● **EXERCISE INPUTS**
_ _ _ _ _ _ _
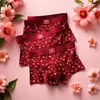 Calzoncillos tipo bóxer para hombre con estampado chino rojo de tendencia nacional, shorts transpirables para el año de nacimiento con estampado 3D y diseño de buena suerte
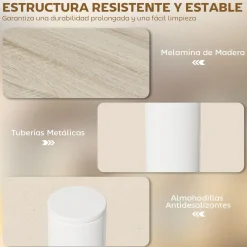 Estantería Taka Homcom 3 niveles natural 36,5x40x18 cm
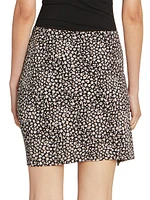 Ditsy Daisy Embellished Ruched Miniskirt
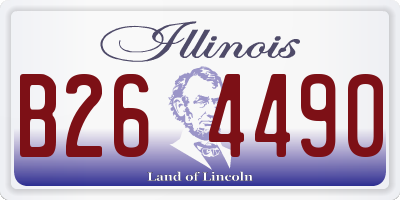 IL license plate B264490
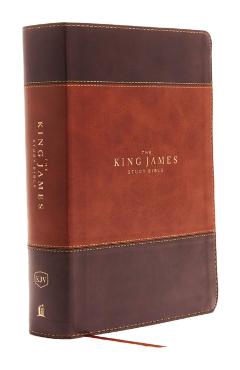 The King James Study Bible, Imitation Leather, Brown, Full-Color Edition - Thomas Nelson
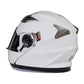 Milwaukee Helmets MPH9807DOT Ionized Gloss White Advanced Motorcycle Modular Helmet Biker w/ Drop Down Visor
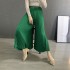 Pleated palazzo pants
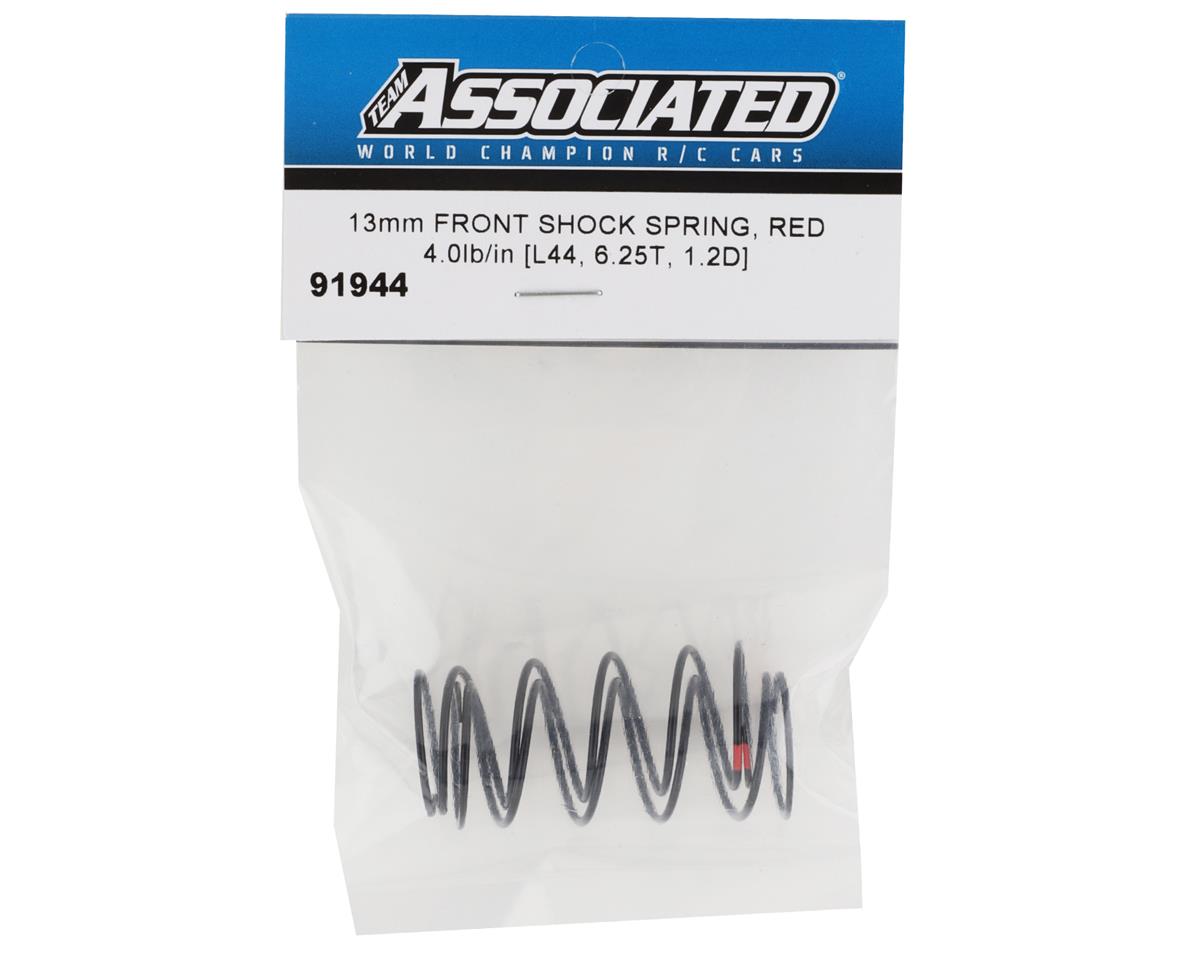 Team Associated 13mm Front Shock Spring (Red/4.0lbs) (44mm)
_ _ _ _ _ _ _
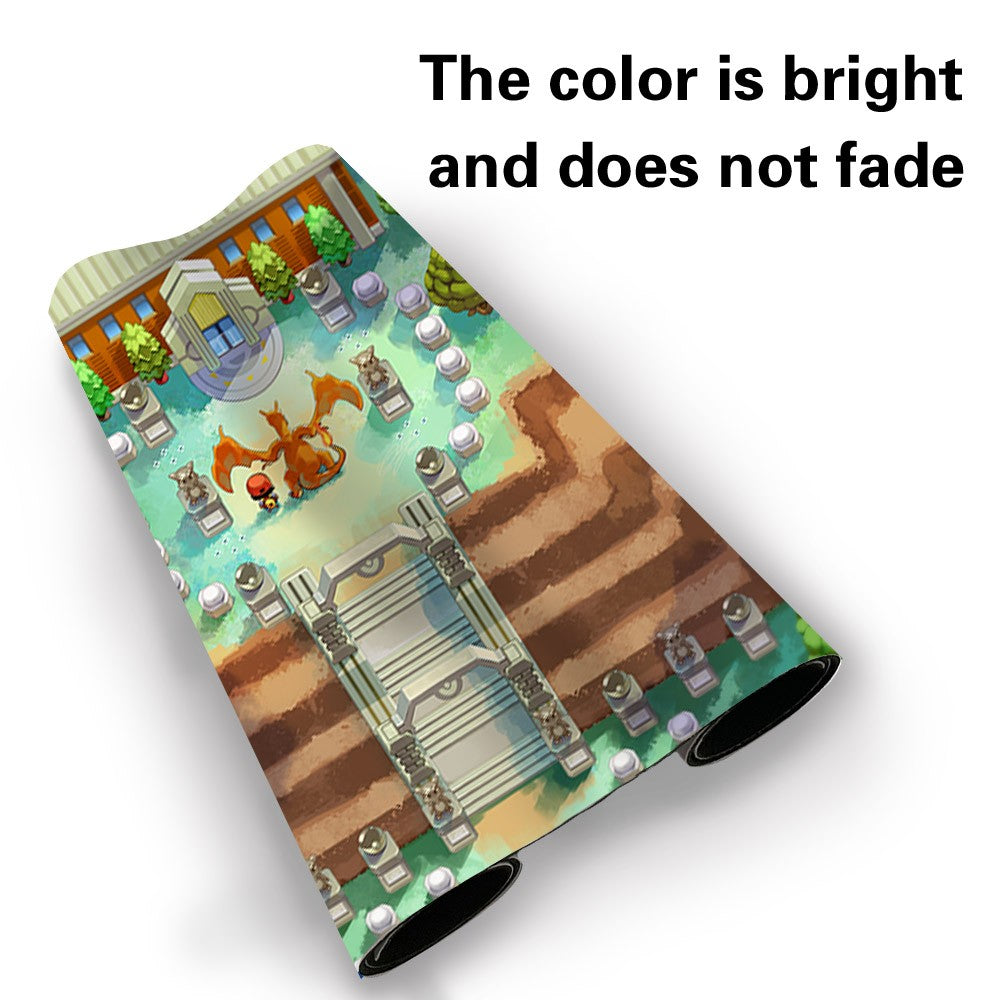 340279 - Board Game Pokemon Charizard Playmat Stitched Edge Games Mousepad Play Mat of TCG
_ _ _ _ _ _ _
● **PROBLEM DETAILS**
Although pictures appear among the records above, write out exactly only the lines from the one that has "Milwaukee Helmets MPH9807DOT" through the one that has "Team Associated 13mm", and leave the pictures out.

● **PROBLEM SOLUTION**
 Milwaukee Helmets MPH9807DOT Ionized Gloss White Advanced Motorcycle Modular Helmet Biker w/ Drop Down Visor
 Pleated palazzo pants
 Team Associated 13mm Front Shock Spring (Red/4.0lbs) (44mm)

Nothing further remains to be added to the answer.